### TASK ITEM:
Line by line, give the data again exactly as it appears, but without pictures.

### DATA SECTION:
- Opening Delimiter -

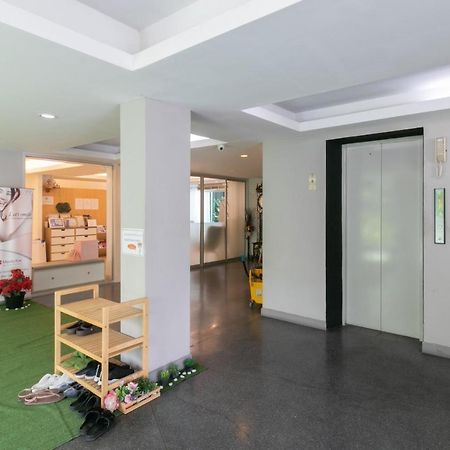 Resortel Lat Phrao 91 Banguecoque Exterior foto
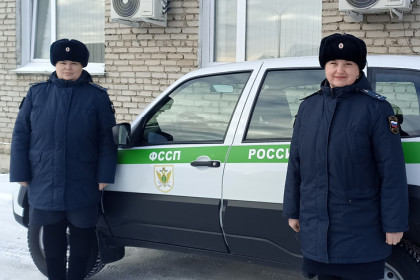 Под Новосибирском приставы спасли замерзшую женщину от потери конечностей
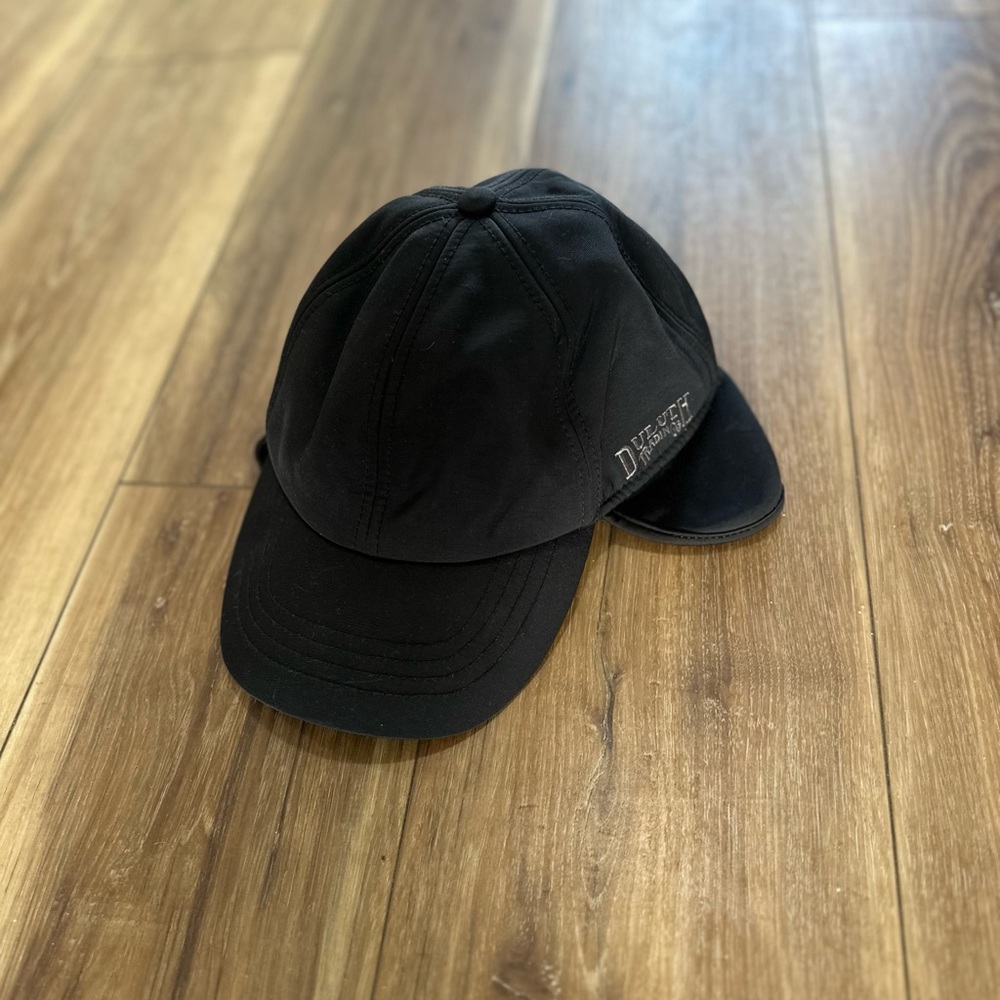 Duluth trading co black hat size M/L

- Closing Delimiter -

### ANSWER BOX:
 Resortel Lat Phrao 91 Banguecoque Exterior foto
 Под Новосибирском приставы спасли замерзшую женщину от потери конечностей
 Duluth trading co black hat size M/L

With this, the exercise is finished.